Now, as Israeli shells crash into Rafah, Jarwan said she is going back to an area she fled, even though nowhere is safe.

She is one of dozens of people who residents said were leaving Rafah on Tuesday after Israeli shelling and air strikes in recent days.

"I fled Al-Maghazi, came to Rafah, and here I am, returning to Al-Maghazi," said Jarwan, referring to the refugee camp from which she fled earlier in the conflict.

"Last night in Rafah was very tough. We're going back to Al-Maghazi out of fear - displaced from one area to another; hopefully Al-Maghazi area would safe, God willing."

"Wherever we go, there is no safety," she said.

Describing Rafah as Hamas' "last bastion", Israel plans to expand its offensive there to try to eradicate the group behind the Oct. 7 attack on southern Israel in which 1,200 people were killed and over 250 abducted, according to Israeli tallies.

For Palestinians, Rafah at the southern end of the Gaza Strip has provided sanctuary from an Israeli offensive which has killed more than 28,000 people, according to health authorities in the Hamas-run Gaza Strip.

UNRWA, a U.N. agency which provides Palestinians with aid and essential services, says there are nearly 1.5 million people in Rafah, six times the population compared to before Oct. 7.

Israeli tanks shelled the eastern sector of Rafah city overnight, residents reported, though the anticipated ground offensive did not appear to have started.

Israeli Prime Minister Benjamin Netanyahu's office has said it has ordered the army to develop a plan to evacuate Rafah.


Sitting in a car crammed with possessions ready to depart, Jarwan said she hoped for a quick end to the war.

"We're tired of fleeing from one city to another," she said. "I'm hoping the world stands with us and looks at us with a kind, merciful eye."

Describing Palestinian victims as martyrs, she said: "We're tired - we're always crying. Martyrs, shelling, destruction, death, starvation, thirst, there is no food."

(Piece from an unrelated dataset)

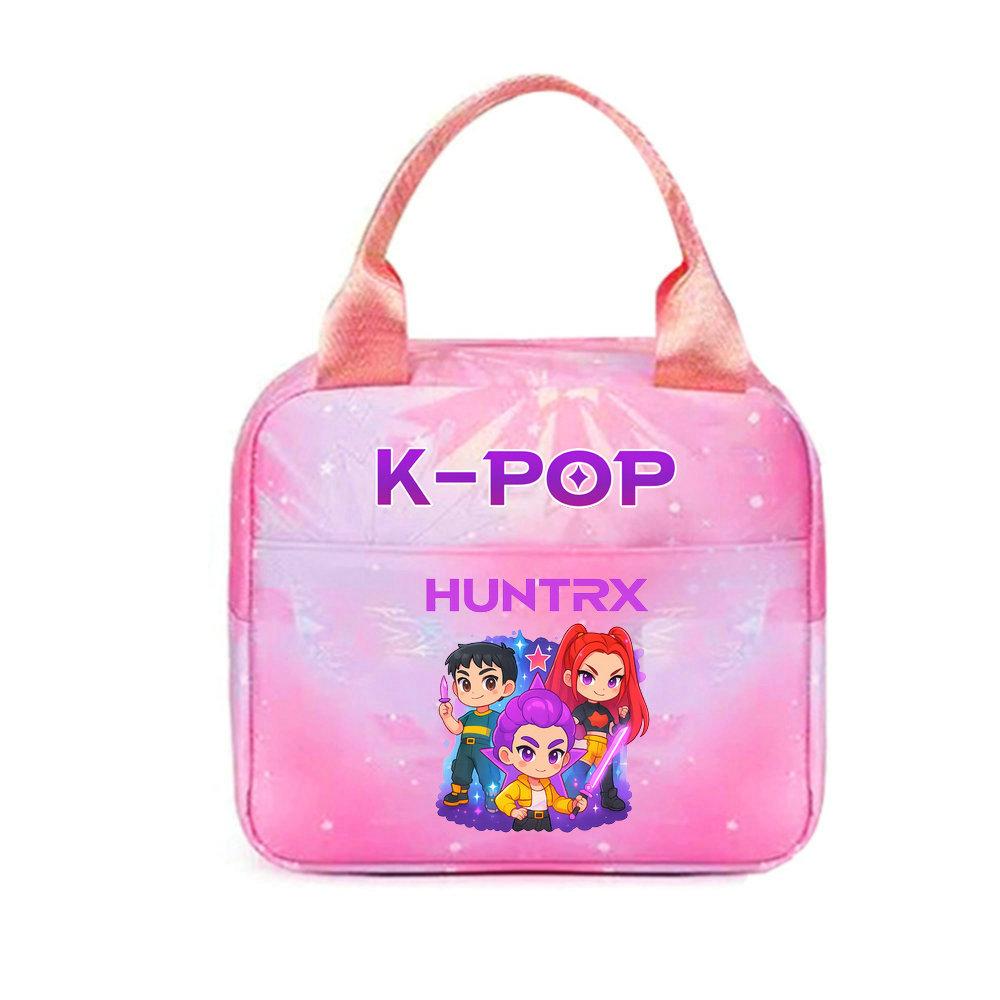 KPop lovci démonů Kancelářští pracovníci S obědovým sáčkem Přenosný izolovaný velkokapacitní obědový sáček Taška přes rameno Dvouúčelový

U.S. President Joe Biden has told Netanyahu that Israel should not proceed with an operation in Rafah without a plan to ensure the safety of people sheltering there.

Aid officials and foreign governments say there is nowhere for them to go. Egypt has said it will not allow an exodus of Palestinian refugees to cross into its territory.

Momen Shbair said he would return to Khan Younis, about eight km (five miles) away, after what he also described as a tough night in Rafah.

"We're lost. We don't know where to go. I pray that the whole world pressures Israel to end the war," he said, driving a donkey cart along a sand road by the sea.

"We're tired (of going) from one place to another."